There’s a fascinating story behind the enigma that is Willis Earl Beal, one that ranges across the United States, and from homelessness to success. Everything really started for Beal after he was reduced to living on the streets for a short time. His seemingly meteoric rise began after he started leaving self recorded CD-Rs lying around various street corners in Albuquerque, found time to audition for the American X-Factor - he dropped out at the bootcamp stage - before being featured in a magazine and releasing his debut album in 2012. Since then he’s toured the world and found time to create his follow-up Nobody Knows. And showing how far he’s come, trendy producer Rodaidh McDonald - who’s worked with King Krule and Savages among others - has helped produce the new collection of eclectic tracks.

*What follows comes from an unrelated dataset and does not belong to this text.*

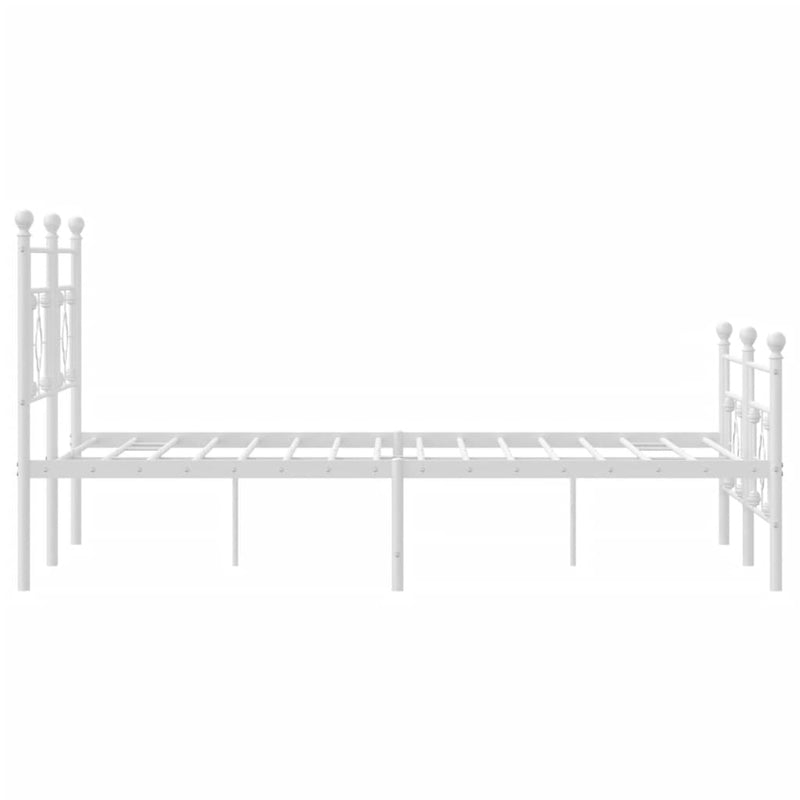 Metal Bed Frame with Headboard and Footboard White 150x200 cm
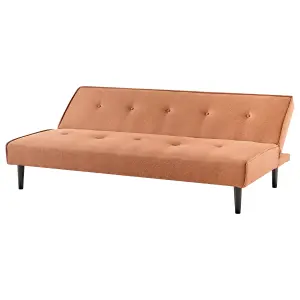 Beliani Retro Sofa Bed VISBY Golden Brown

Beals’ voice alone takes the first two minutes of the album, pure acapella, before strings and a low vocal harmony enter the fray. ‘Wavering Lines’ is a brave and intriguing entrance. The smooth soul of ‘Coming Through’ is enhanced by some spot on vocal support from Cat Power. It’s at this early point that you already feel you’re listening to someone with life experience well beyond their actual years, and ‘Everything Unwinds’ only solidifies that feeling. As you get into the marching beat of ‘Burning Bridges’ and eerie ‘Disintegrating’, with its voices in the static, any thoughts of pinning Beal down to a genre are gone, the music is too interesting, too good. The blues make an appearance on ‘Too Dry To Cry’, albeit with modern influences and lyrical content. ‘What’s The Deal’ is a genuinely uncomfortable track: it’s abrasive, on the edge, and wilfully unlikeable, and while the blend of organ and electronic on ‘Ain’t Got No Love’ are easier to listen to, despite Beals’ aggressive vocal, it’s not until ‘White Noise’ strips it all back that you re-enter a comfort zone. It turns out this is the slow wind down to the end, slightly less crazy and more sedate than what’s gone before, although there’s still something detached about ‘Hole In The Roof’ and the unsettling ‘Blue Escape’. Ending with ‘Nobody knows’ and ‘The Flow’, two of the most conventional songs on the album, you’re never sure what to expect right until the end.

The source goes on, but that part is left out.